Nobel Laureate and economist Amartya Sen needs no introduction. His views on the India's development have been well documented. Last year he sparred with economist Jagdish Bhagwati on the growth-versus-development debate.
In a recent visit to the LSE, Sen laid out his thoughts in black and white. In an interview to Sonali Campion and Taryana Odayar, he explains why the Narendra Modi government's economic philiosophy is completely wrong — and bound to fail.
"India is the only country in the world which is trying to become a global economic power with an uneducated and unhealthy labour force. It’s never been done before, and never will be done in the future either."
"India is trying to be different from America, Europe, Japan, Korea, Hong Kong, Singapore, Taiwan, Singapore, China — all of them. This is not good way of thinking of economics."

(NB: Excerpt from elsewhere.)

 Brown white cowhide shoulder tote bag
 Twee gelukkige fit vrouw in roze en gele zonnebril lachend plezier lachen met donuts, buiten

Sen then warns of the inherent contradictions of this approach:
"The whole idea that you could somehow separate out the process of economic growth from the quality of the labour force is a mistake against which Adam Smith warned in 1776. "
Sen is harshest when asked about the comparison between India and China
"By 2009 they could bring in a scheme of universal healthcare and by 2012 they are well in the 90s in terms of percentage coverage of health insurance. China are able to do that if ten people at the top are persuaded.
In India, ten people is not sufficient. You have to carry the population. Against the blast of propaganda that happened in the general elections last year — fed on one side by the activism of the Hindutva Parivar, and the other side by the gigantic money of the business community — it is slow to correct ongoing deficiencies."?